▶ **Task goal**
Where the line containing "офтальмоскопия глазного дна это" appears, begin retyping; continue exactly through the final line of the data. Omit every picture.

Crawled caption data:
···
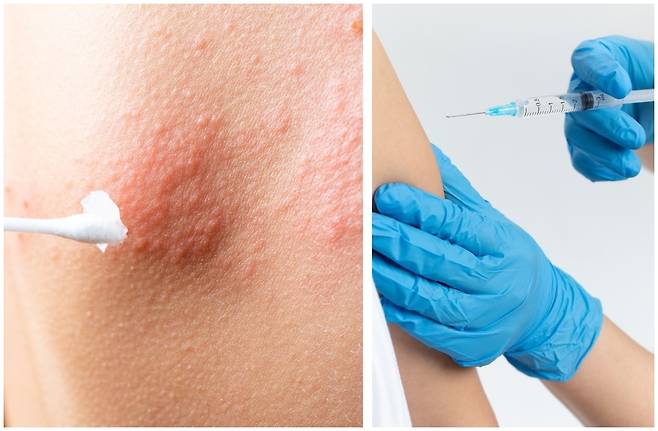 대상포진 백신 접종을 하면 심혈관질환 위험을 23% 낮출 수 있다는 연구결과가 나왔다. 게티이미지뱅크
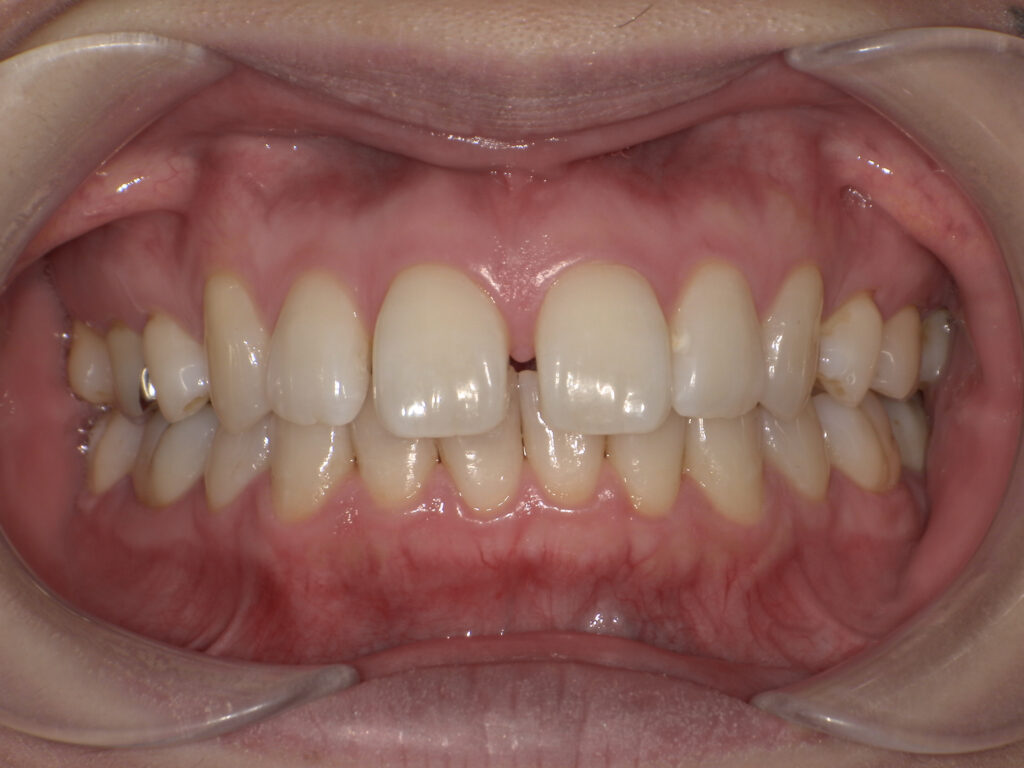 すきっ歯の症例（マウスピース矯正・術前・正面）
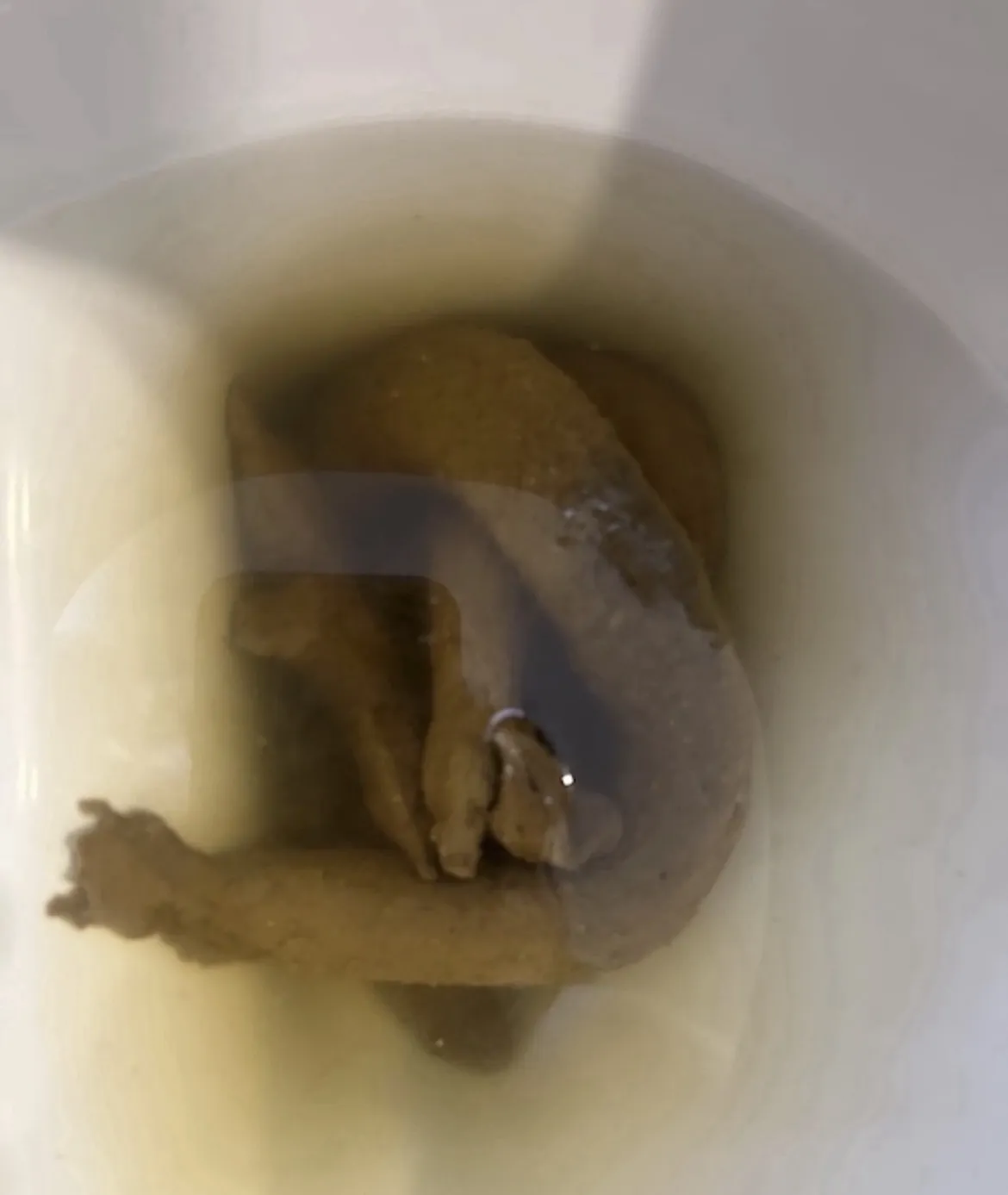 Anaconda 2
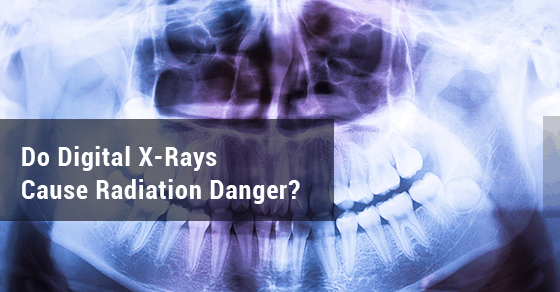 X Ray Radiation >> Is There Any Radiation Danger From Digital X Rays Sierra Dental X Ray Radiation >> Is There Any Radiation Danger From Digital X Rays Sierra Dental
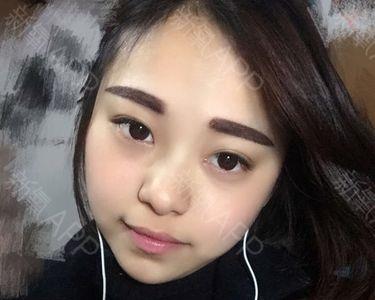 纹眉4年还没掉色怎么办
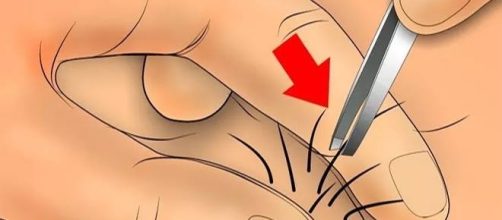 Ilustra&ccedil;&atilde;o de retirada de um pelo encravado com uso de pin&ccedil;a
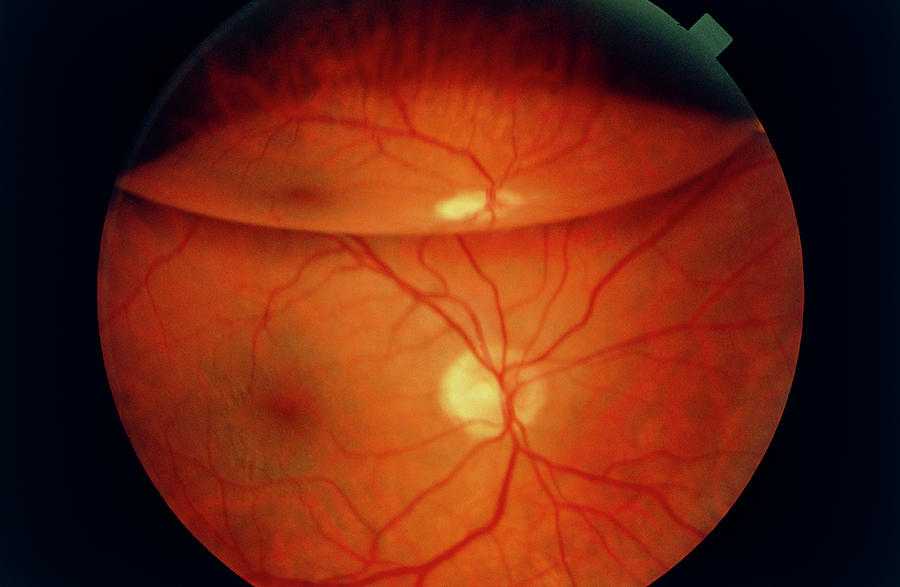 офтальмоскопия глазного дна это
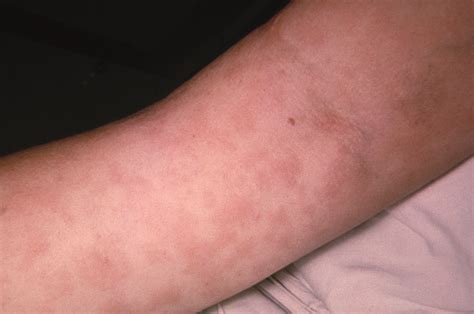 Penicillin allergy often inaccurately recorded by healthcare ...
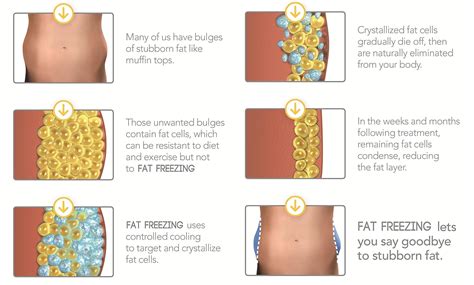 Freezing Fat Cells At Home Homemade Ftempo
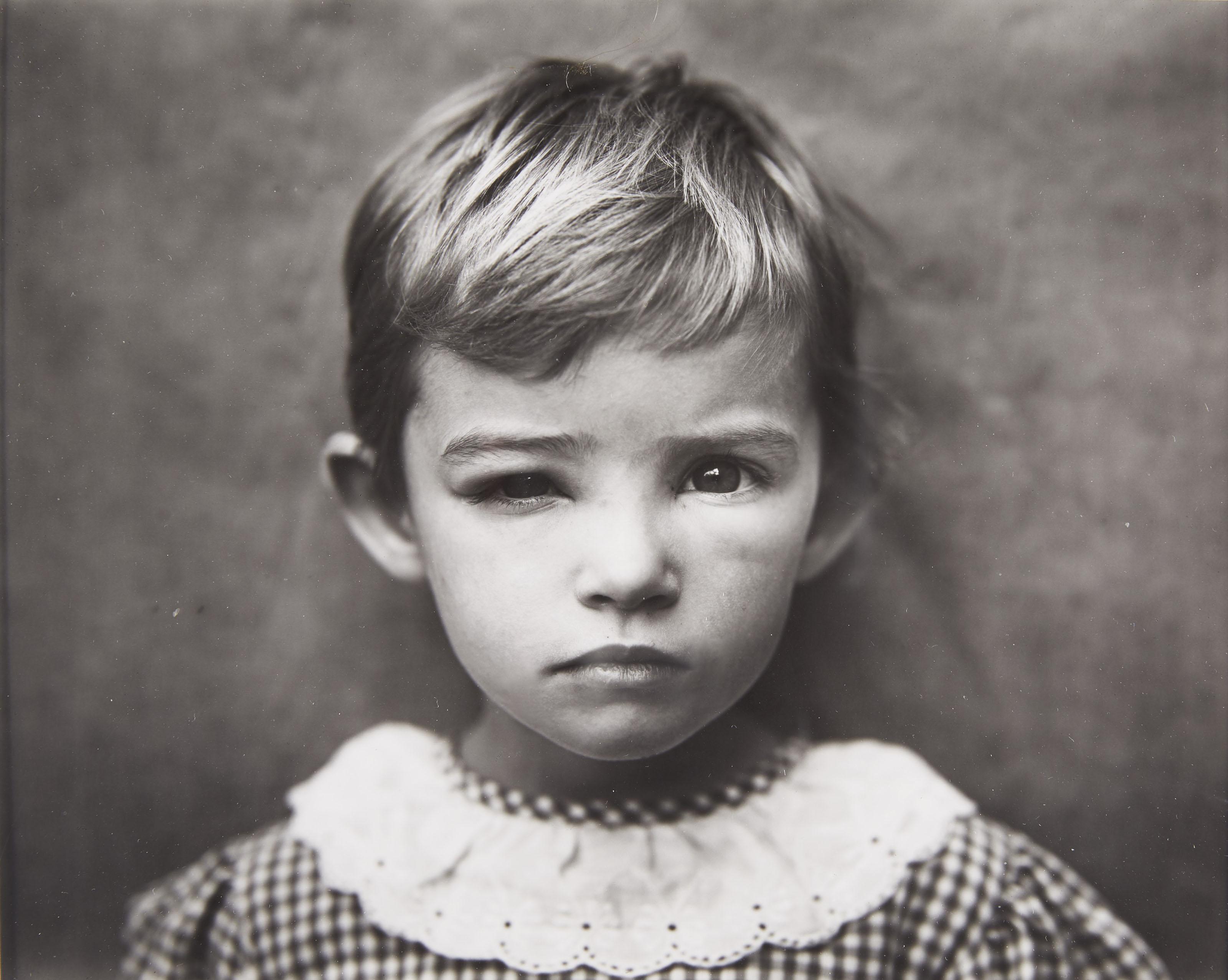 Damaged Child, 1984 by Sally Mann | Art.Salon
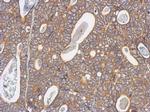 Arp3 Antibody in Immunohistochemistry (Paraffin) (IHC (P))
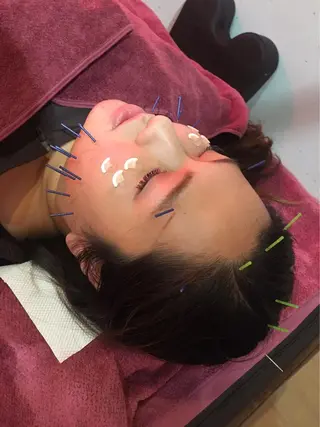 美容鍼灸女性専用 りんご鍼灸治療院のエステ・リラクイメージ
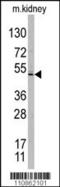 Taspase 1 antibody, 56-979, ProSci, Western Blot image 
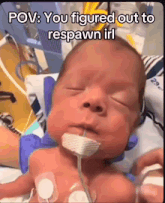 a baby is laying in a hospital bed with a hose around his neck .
···
▶ **Task response**
 офтальмоскопия глазного дна это
 Penicillin allergy often inaccurately recorded by healthcare ...
 Freezing Fat Cells At Home Homemade Ftempo
 Damaged Child, 1984 by Sally Mann | Art.Salon
 Arp3 Antibody in Immunohistochemistry (Paraffin) (IHC (P))
 美容鍼灸女性専用 りんご鍼灸治療院のエステ・リラクイメージ
 Taspase 1 antibody, 56-979, ProSci, Western Blot image 
 a baby is laying in a hospital bed with a hose around his neck .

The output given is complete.